About this exercise. What you write must match the records exactly, except for the images, which are left out.

--- START ---

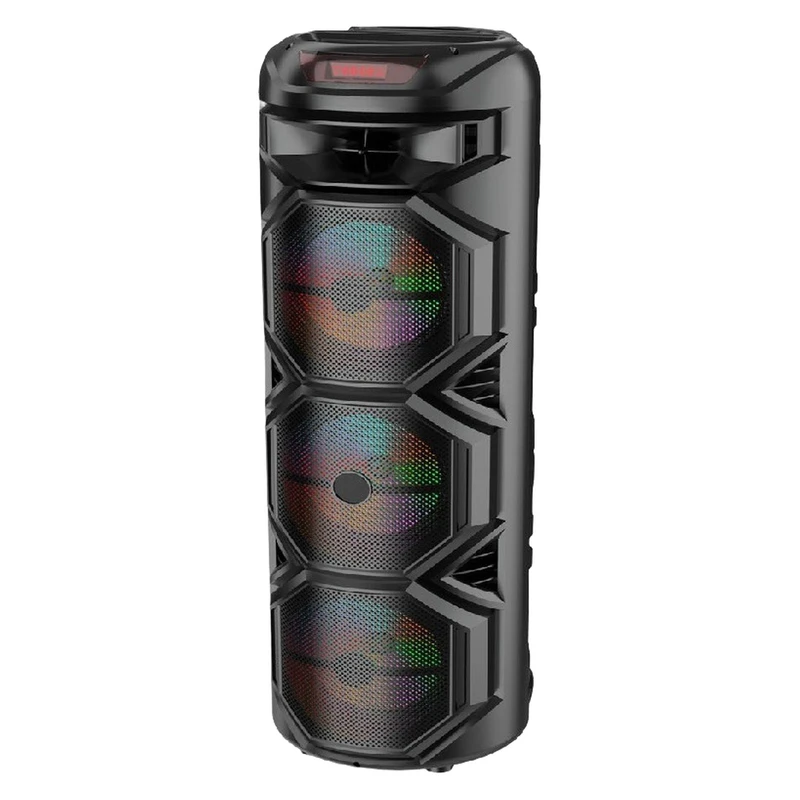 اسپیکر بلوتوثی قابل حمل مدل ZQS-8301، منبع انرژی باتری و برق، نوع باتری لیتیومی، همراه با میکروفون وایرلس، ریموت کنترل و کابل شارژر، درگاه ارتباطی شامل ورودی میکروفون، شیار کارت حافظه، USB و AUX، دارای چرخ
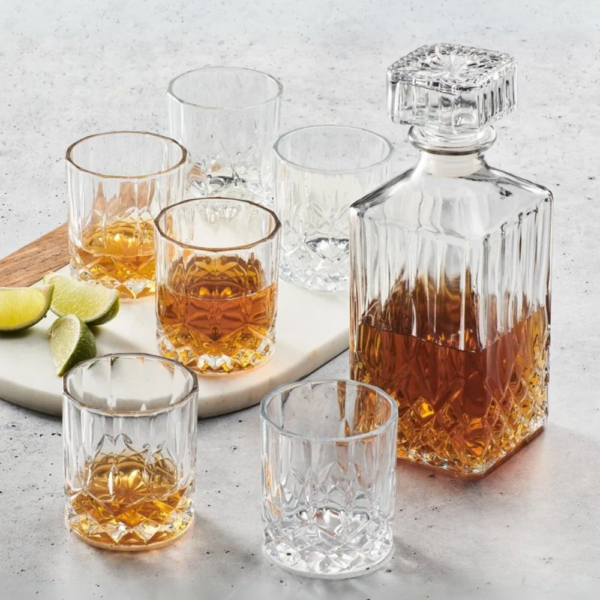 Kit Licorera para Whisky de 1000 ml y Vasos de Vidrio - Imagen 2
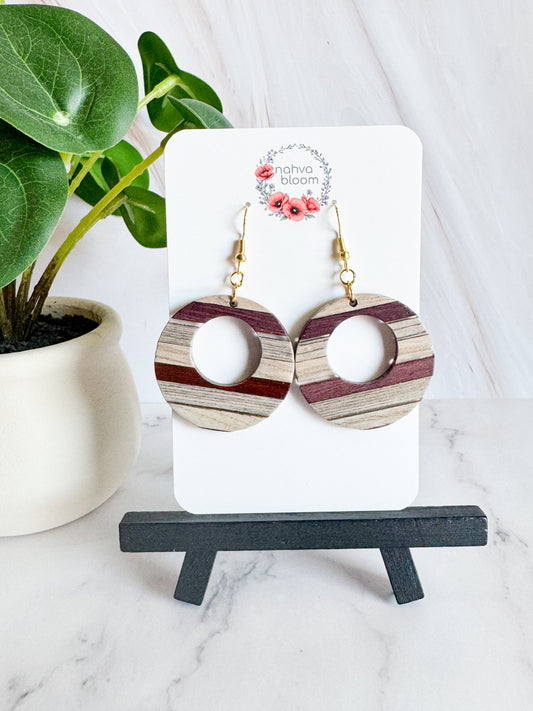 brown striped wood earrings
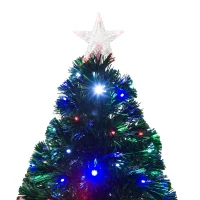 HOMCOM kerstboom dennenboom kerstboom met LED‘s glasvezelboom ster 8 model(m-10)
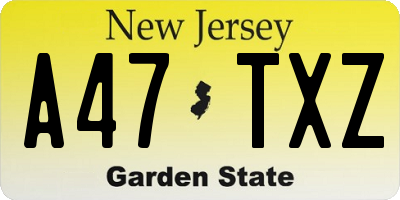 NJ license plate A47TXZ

--- END ---

Final answer.
 اسپیکر بلوتوثی قابل حمل مدل ZQS-8301، منبع انرژی باتری و برق، نوع باتری لیتیومی، همراه با میکروفون وایرلس، ریموت کنترل و کابل شارژر، درگاه ارتباطی شامل ورودی میکروفون، شیار کارت حافظه، USB و AUX، دارای چرخ
 Kit Licorera para Whisky de 1000 ml y Vasos de Vidrio - Imagen 2
 brown striped wood earrings
 HOMCOM kerstboom dennenboom kerstboom met LED‘s glasvezelboom ster 8 model(m-10)
 NJ license plate A47TXZ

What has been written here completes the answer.